- Your instructions -
Reprint the lines below as they are, minus the pictures.

- Records for the task -
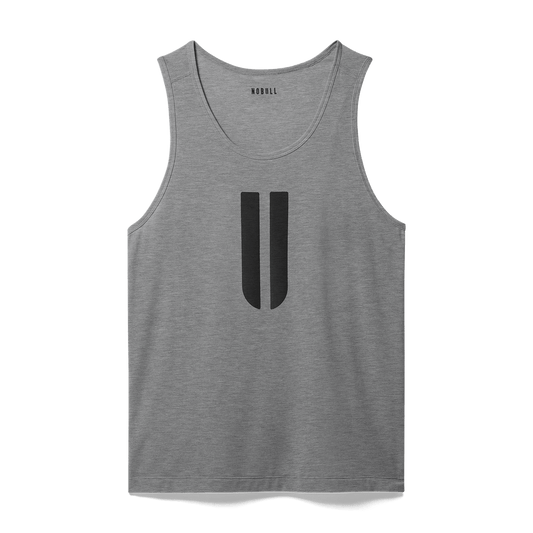 Men's Heather Gray U Tank Top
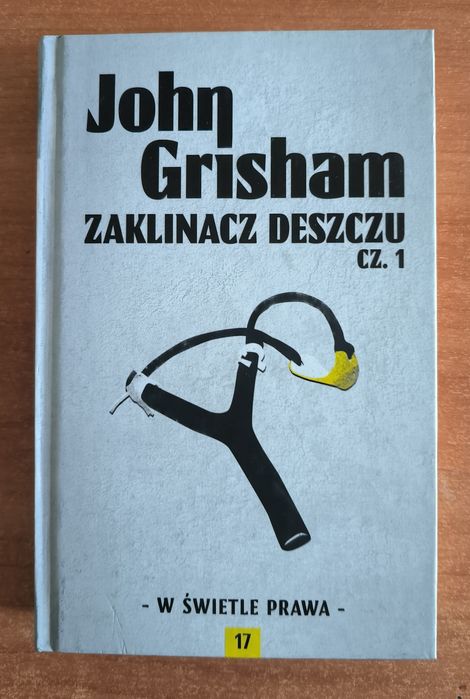 Zaklinacz deszczu część I John Grisham
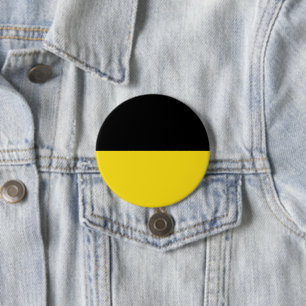 Flagge Baden-Württembergs (deutscher Staat) Button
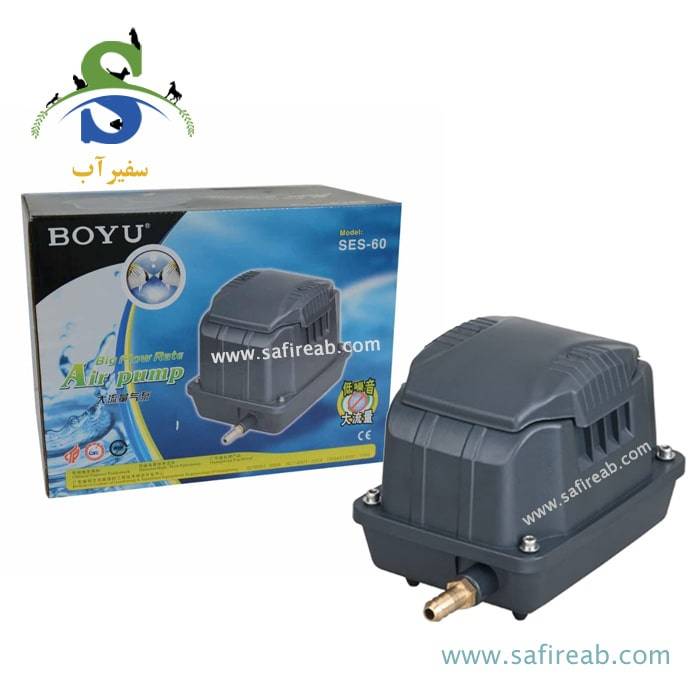 پمپ هوای مرکزی کم صدا SES-60 بویو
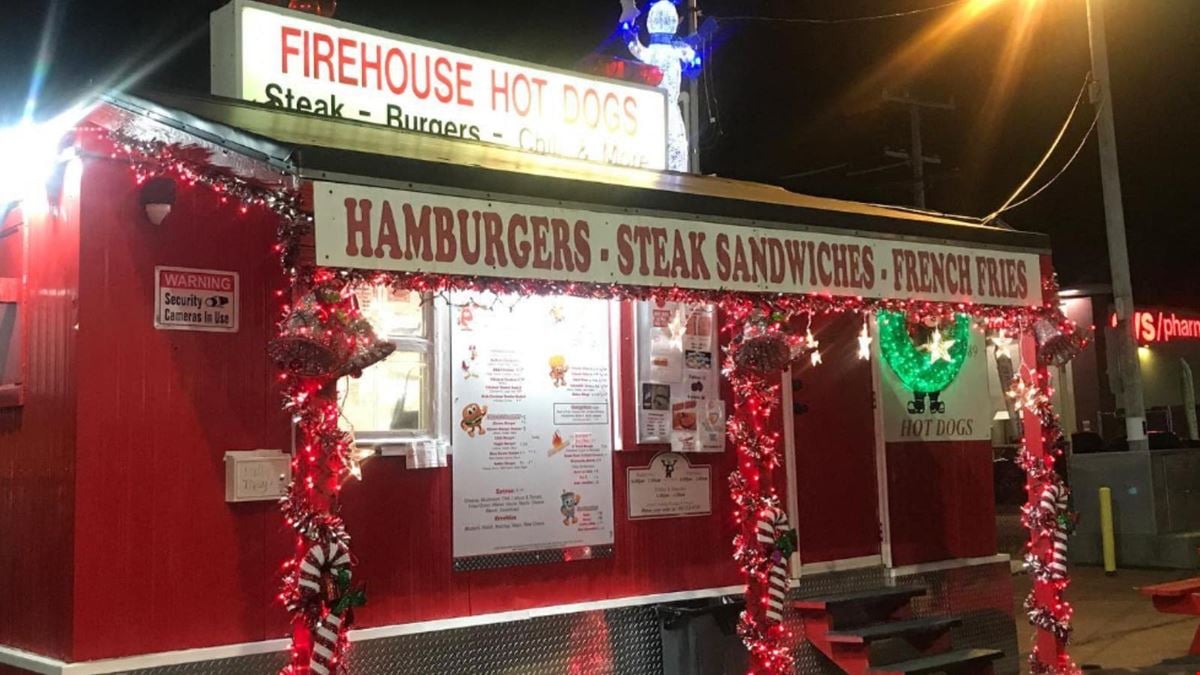 Firehouse Hot Dogs since 1989    - 39 Putnam Pike Unit 2000 Johnston RI 02919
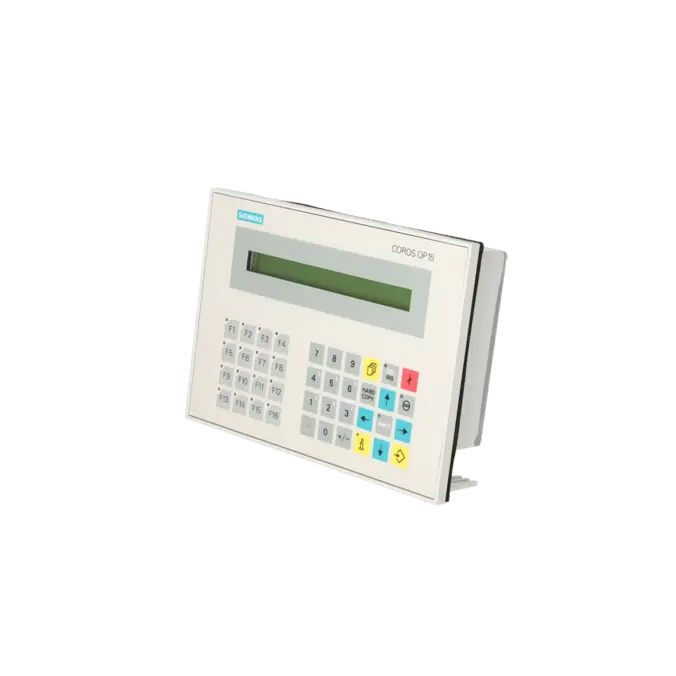 SIEMENS 6AV3515-1EB00, HMI, Operator Panels, K0136032, Image 2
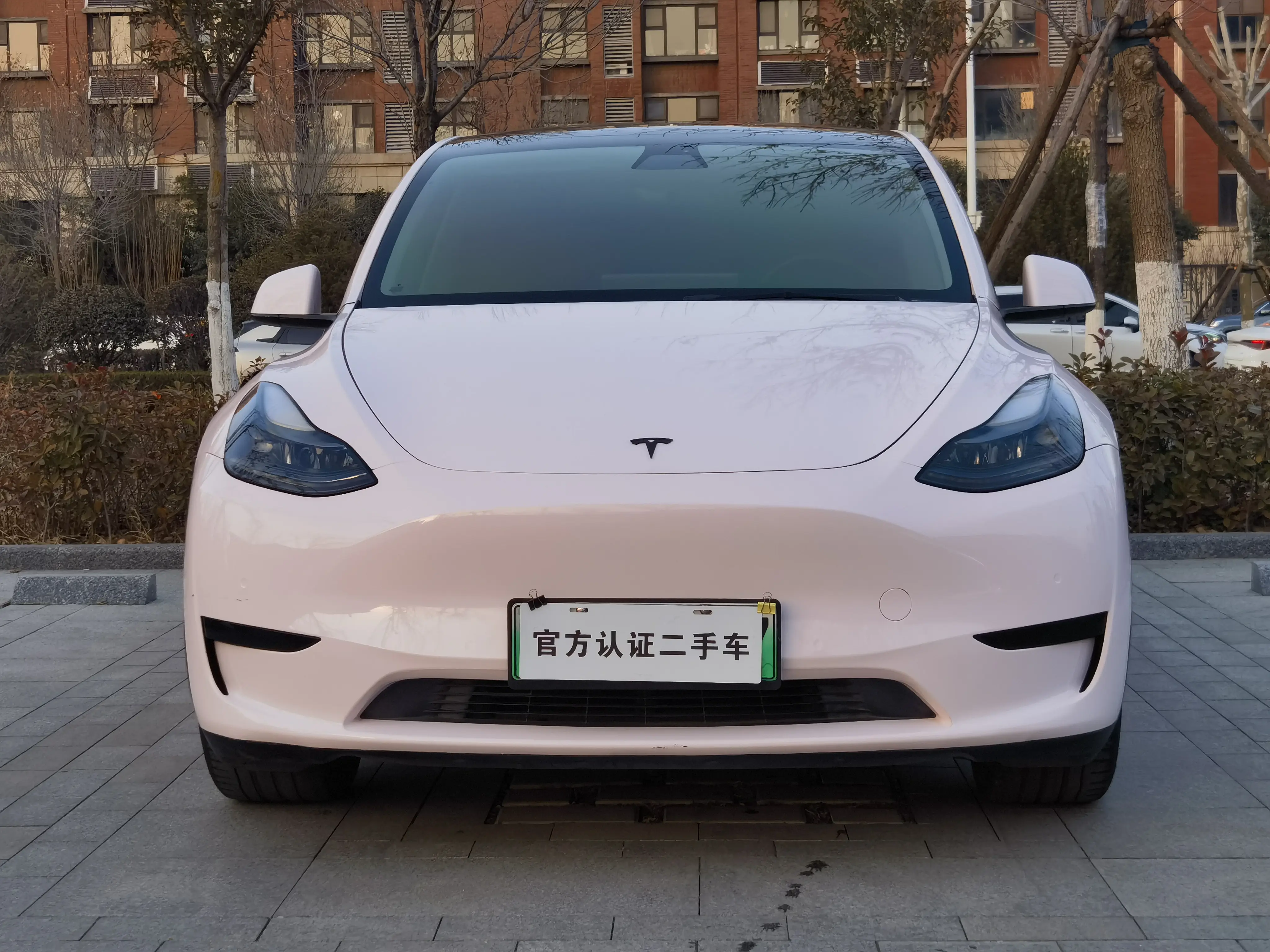 Tesla Model Y  из Китая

- Exercise result -
 Men's Heather Gray U Tank Top
 Zaklinacz deszczu część I John Grisham
 Flagge Baden-Württembergs (deutscher Staat) Button
 پمپ هوای مرکزی کم صدا SES-60 بویو
 Firehouse Hot Dogs since 1989    - 39 Putnam Pike Unit 2000 Johnston RI 02919
 SIEMENS 6AV3515-1EB00, HMI, Operator Panels, K0136032, Image 2
 Tesla Model Y  из Китая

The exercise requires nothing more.